[TASK TO COMPLETE]
Please set down only the lines below starting with the line with "A hotel room" and going on through the line with "May include: Navy", verbatim and without pictures.

[THE DATA]
· · · · · · ·

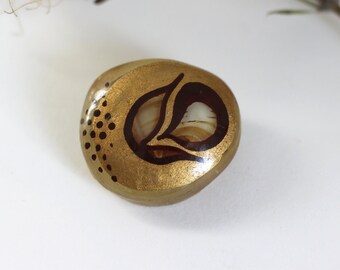 Hand-painted vintage glass brooch in brown and beige tones with an abstract pattern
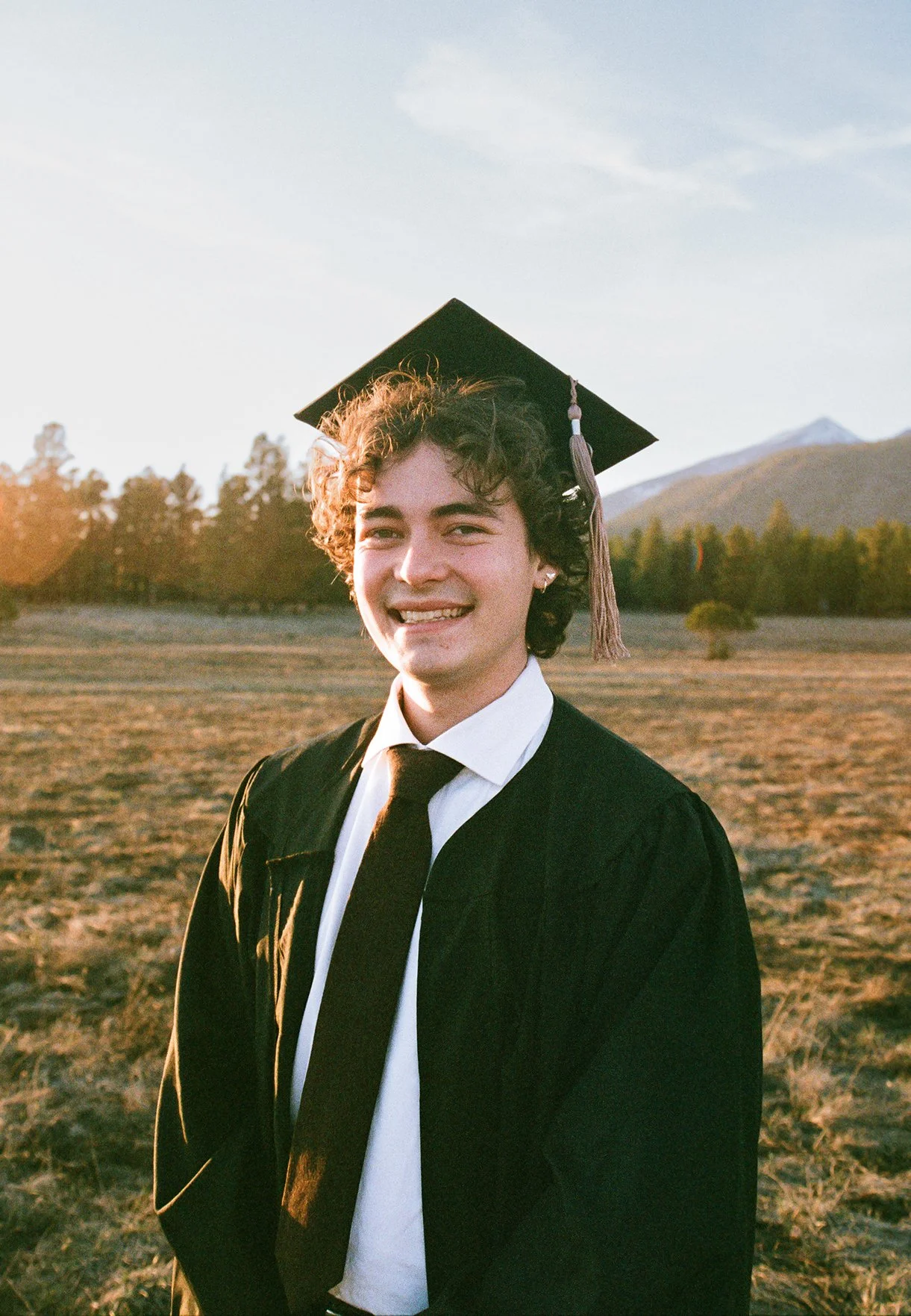 A young person in graduation attire, wearing a black cap and gown, smiling outside during sunset with mountains and trees in the background.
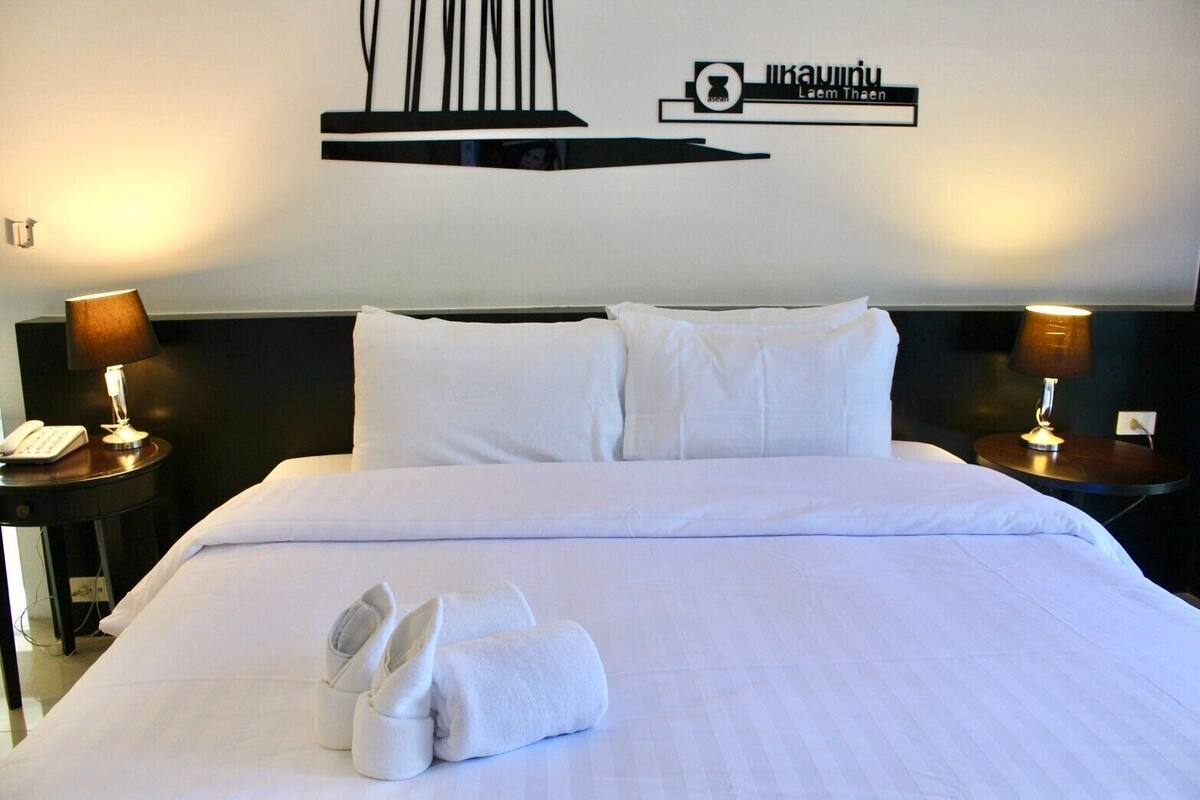 A hotel room with a neatly made bed, two bedside tables with lamps, and a wall decoration.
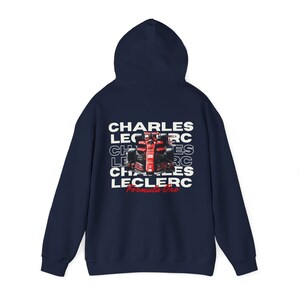 May include: Navy blue hooded sweatshirt with a white graphic of a Formula One race car and the text "CHARLES LECLERC Formula One" repeated multiple times.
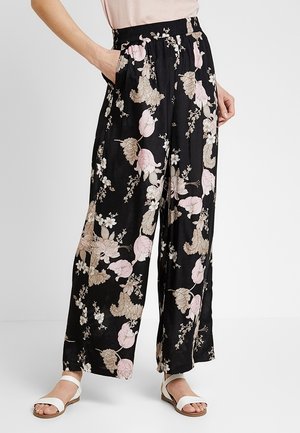 Mujer con pantalones negros de pierna ancha con estampado floral en rosa y beige, cintura elástica y sandalias blancas, de pie con una mano en el bolsillo.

· · · · · · ·

[SOLVED PROBLEM]
 A hotel room with a neatly made bed, two bedside tables with lamps, and a wall decoration.
 May include: Navy blue hooded sweatshirt with a white graphic of a Formula One race car and the text "CHARLES LECLERC Formula One" repeated multiple times.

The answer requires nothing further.